[Data in this exercise]

──────────────────────────────

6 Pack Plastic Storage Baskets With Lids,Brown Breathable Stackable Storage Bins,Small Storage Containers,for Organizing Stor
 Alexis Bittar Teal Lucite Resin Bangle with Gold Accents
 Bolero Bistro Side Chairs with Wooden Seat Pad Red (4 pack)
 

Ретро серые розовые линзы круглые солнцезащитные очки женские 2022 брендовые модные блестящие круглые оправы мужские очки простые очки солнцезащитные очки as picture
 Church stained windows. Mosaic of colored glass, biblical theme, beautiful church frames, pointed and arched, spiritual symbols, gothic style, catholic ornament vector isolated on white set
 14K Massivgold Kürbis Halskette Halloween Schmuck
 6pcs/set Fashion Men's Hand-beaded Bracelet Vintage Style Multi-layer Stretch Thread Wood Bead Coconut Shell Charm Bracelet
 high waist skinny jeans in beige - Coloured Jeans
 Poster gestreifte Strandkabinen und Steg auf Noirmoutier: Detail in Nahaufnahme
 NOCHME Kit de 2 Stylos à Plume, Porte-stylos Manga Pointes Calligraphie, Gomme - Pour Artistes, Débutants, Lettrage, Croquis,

──────────────────────────────

[About this exercise]
Write out exactly the final stretch of the listing above, beginning at the line that contains "Bolero Bistro Side" and ending at its last line, with nothing added.

[Written solution]
 Bolero Bistro Side Chairs with Wooden Seat Pad Red (4 pack)
 

Ретро серые розовые линзы круглые солнцезащитные очки женские 2022 брендовые модные блестящие круглые оправы мужские очки простые очки солнцезащитные очки as picture
 Church stained windows. Mosaic of colored glass, biblical theme, beautiful church frames, pointed and arched, spiritual symbols, gothic style, catholic ornament vector isolated on white set
 14K Massivgold Kürbis Halskette Halloween Schmuck
 6pcs/set Fashion Men's Hand-beaded Bracelet Vintage Style Multi-layer Stretch Thread Wood Bead Coconut Shell Charm Bracelet
 high waist skinny jeans in beige - Coloured Jeans
 Poster gestreifte Strandkabinen und Steg auf Noirmoutier: Detail in Nahaufnahme
 NOCHME Kit de 2 Stylos à Plume, Porte-stylos Manga Pointes Calligraphie, Gomme - Pour Artistes, Débutants, Lettrage, Croquis,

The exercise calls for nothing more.